README.md · venkatd/NCBI

metadata

license: unknown
datasets:
  - ncbi/pubmed
language:
  - en
metrics:
  - f1
base_model:
  - microsoft/deberta-v3-base
pipeline_tag: token-classification
tags:
  - NER
  - phenotypes
  - diseases
  - bio
  - classification

How to Use the Model for Inference:

You can use the Hugging Face pipeline for easy inference:

from transformers import pipeline

# Load the model
model_path = "venkatd/NCBI_NER"
pipe = pipeline(
    task="token-classification",
    model=model_path,
    tokenizer=model_path,
    aggregation_strategy="simple"
)

# Test the pipeline
text = ("A 48-year-old female presented with vaginal bleeding and abnormal Pap smears. "
        "Upon diagnosis of invasive non-keratinizing SCC of the cervix, she underwent a radical "
        "hysterectomy with salpingo-oophorectomy which demonstrated positive spread to the pelvic "
        "lymph nodes and the parametrium.")
result = pipe(text)
print(result)

Output Example:

The output will be entity type of Disease, score, and start/end positions in the text. Here’s a sample output format:

[
    {
        "entity_group": "Disease",
        "score": 0.98,
        "word": "SCC of the cervix",
        "start": 121,
        "end": 139
    },
    ...
]

Model Summary and Training Details

Model Architecture

Base Model: microsoft/deberta-v3-base
Task: Token Classification for Named Entity Recognition (NER) with a focus on disease entities.
Number of Labels: 3 (O, B-Disease, I-Disease)

Dataset

Dataset: NCBI Disease Corpus
- Description: The NCBI Disease corpus is a specialized medical dataset that includes 793 PubMed abstracts. It is structured to help in identifying disease mentions within scientific literature, and each mention is annotated with disease concepts from the MeSH (Medical Subject Headings) or OMIM (Online Mendelian Inheritance in Man) databases.
- Split:
  - Training Set: 593 abstracts
  - Development (Validation) Set: 100 abstracts
  - Test Set: 100 abstracts

Training Details

Training Steps: The model was trained using a cross-entropy loss function for token classification tasks. To optimize performance, we used gradient accumulation to achieve a stable loss and improve resource efficiency.
Gradient Accumulation: 2 steps
Batch Size: 8
Device: Trained on a GPU if available, using mixed-precision training for better performance.

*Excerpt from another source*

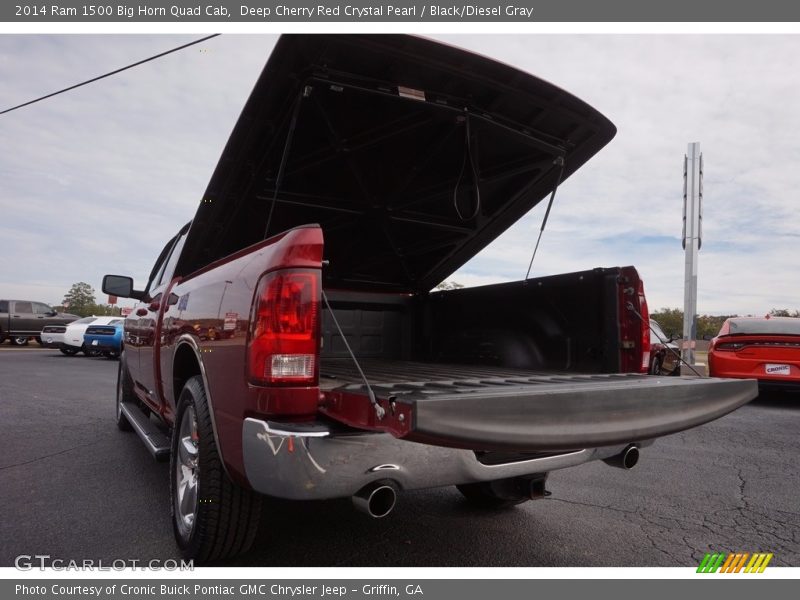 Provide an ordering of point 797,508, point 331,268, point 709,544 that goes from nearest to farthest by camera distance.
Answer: point 709,544, point 797,508, point 331,268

Optimizer and Learning Rate Scheduler

Optimizer: AdamW
- Learning Rate: 1e-5
- Betas: (0.9, 0.999)
- Epsilon: 1e-8
Learning Rate Scheduler: Cosine Scheduler with Warmup
- Warmup Steps: 10% of total training steps
- Total Training Steps: Calculated as len(train_loader) * num_epochs

Epochs and Validation

Epochs: 5
Training and Validation Loss: The model achieved a stable loss over 5 epochs, with the best validation loss recorded. The best model based on validation loss was saved for evaluation.

Evaluation and Performance

Test Dataset F1 Score: 0.9772
- Evaluation Metric: F1 score, which indicates the balance between precision and recall, was used as the primary metric to assess the model’s performance.